4 comments   /   posted by Denislav Savkov on Sep 30, 2008

Introduction

Recently we started wondering if there is a noticeable difference in the performance of Silverlight in different browsers.  Measuring performance reliably is not a trivial task.  One thing is that performance have many aspects like rendering graphics and manipulating large data. Obviously to rate overall performance you need to balance the weight of individual aspect ratings.  Finding the appropriate balance depends on the purpose of the rating.  Since Silverlight's primary task is to create RIA  we decided to test first the graphics rendering performance.

Benchmark

There are a few popular benchmarks that compare Flash vs. Silverlight and other technologies like Bubblemark and GUIMark. With bubblemark results were varying  from one run to another. So to reduce the number of tests we chose GUIMark because the results were more similar. We made a few changes to it though. We added more gradients and transparency and removed part of the text.
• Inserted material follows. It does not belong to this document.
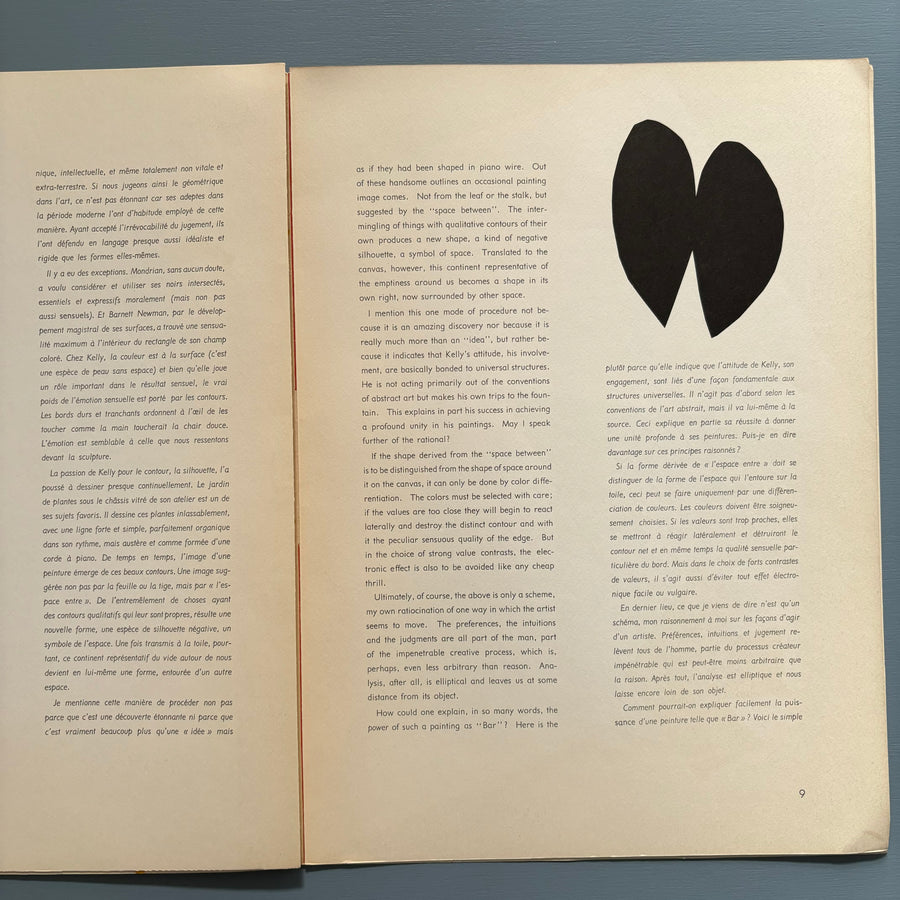 Ellsworth Kelly - Derrière le miroir N°110 - Maeght Editeur 1958 - Saint-Martin Bookshop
Although the test may be not entirely reliable for measuring maximum performance it souits our purpose because our goal is to compare performance under the same scenario.

Test procedure

Our test machine was desktop Athlon 64 3000+ with 1GB of RAM and Windows XP SP3 installed.  The browser versions that we tested are: Internet Explorer 7; Internet explorer 8 Beta 2 - 8.0.6001.18241; Firefox 2 - 2.0.17; Firefox 3 - 3.0.2;Safari - 3.1.2. We ran the same benchmark three times on each browser for 10 minutes. In the end we took the average frame rate. The current version of Silverlight that we used is 2.0.30253.6. labeled Beta 2.

Results

The difference in performance is not that big. Actually the difference is so small that you won't notice it with naked eye. Having in mind that we test the same plug-in this result is not surprising. Internet explorer 8 Beta 2 and Firefox 2 are slightly faster than IE7, Safari and Firefox 3 but you may choose anyone to be your without concerning Silverlight performance. Performance difference is much bigger if you start some other application than if you change the browser.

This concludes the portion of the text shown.